*** AVAILABLE DATA ***

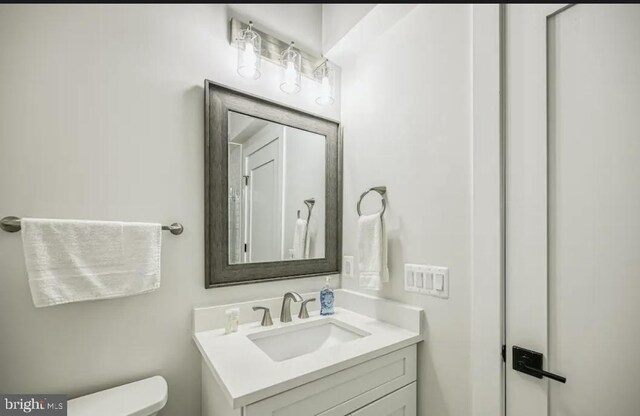 bathroom with toilet and vanity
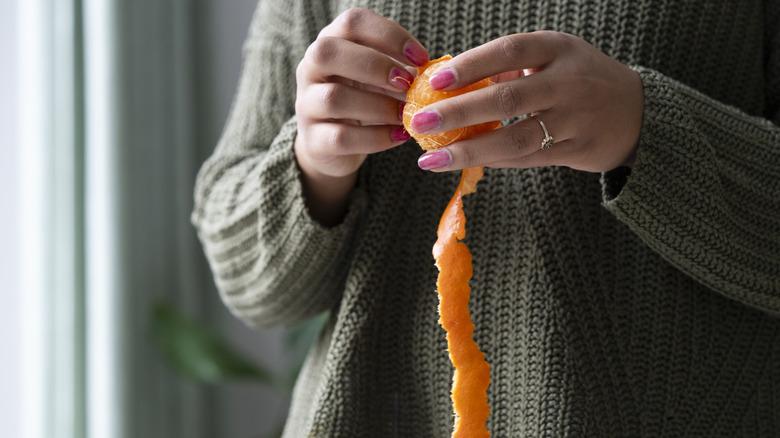 person taking the peel off an orange by hand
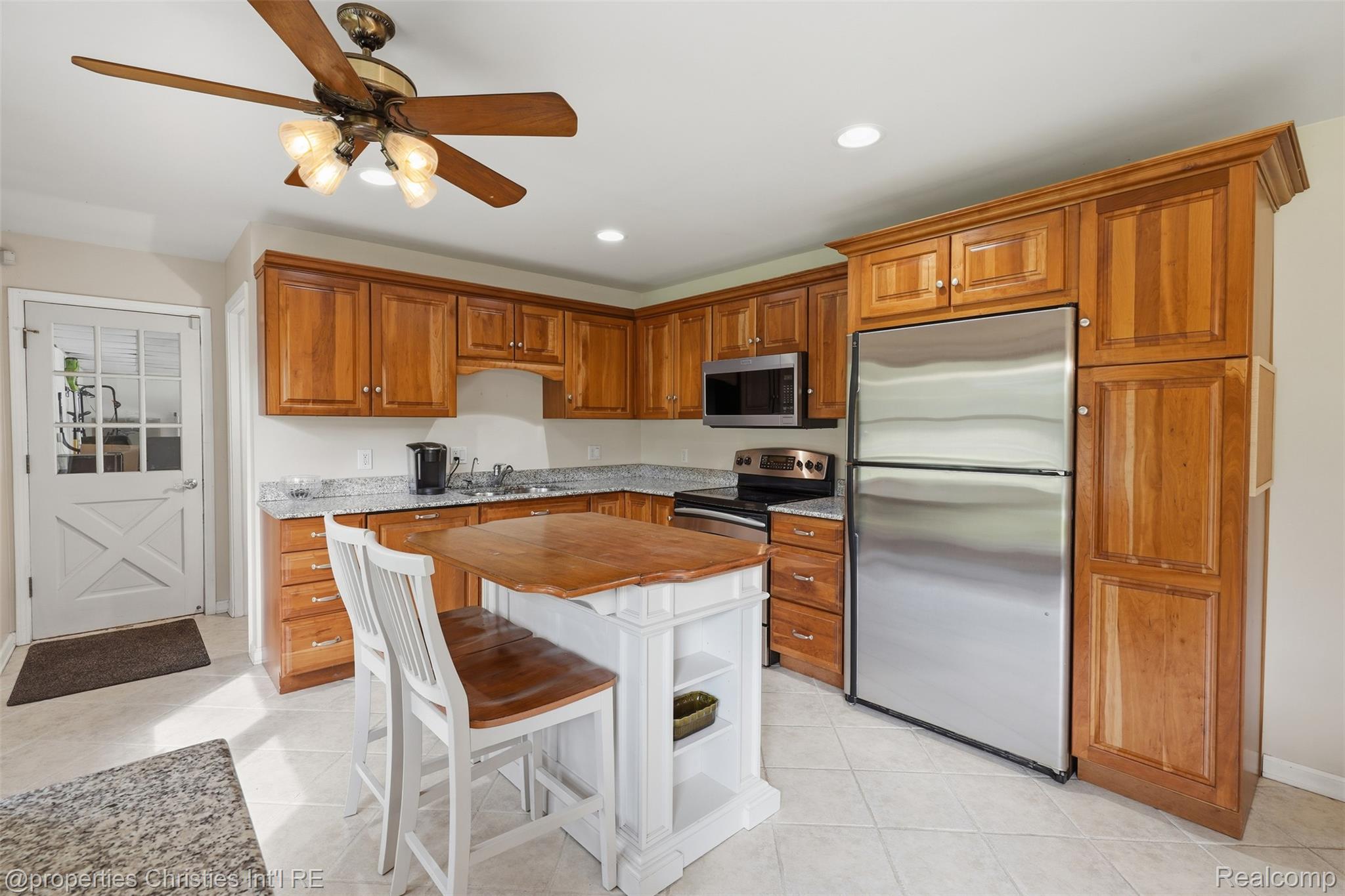 4030 Textile Road Ypsilanti, MI 48197 - Photo 13 of 58 Wood cabinetry with stone countertops, stainless steel appliances, kitchen island, ceiling fan, and tiled flooring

*** End of AVAILABLE DATA ***

§ **WORK REQUEST**: Print the whole listing above once more, word for word, without its pictures.

§ **YOUR RESPONSE**:
 bathroom with toilet and vanity
 person taking the peel off an orange by hand
 4030 Textile Road Ypsilanti, MI 48197 - Photo 13 of 58 Wood cabinetry with stone countertops, stainless steel appliances, kitchen island, ceiling fan, and tiled flooring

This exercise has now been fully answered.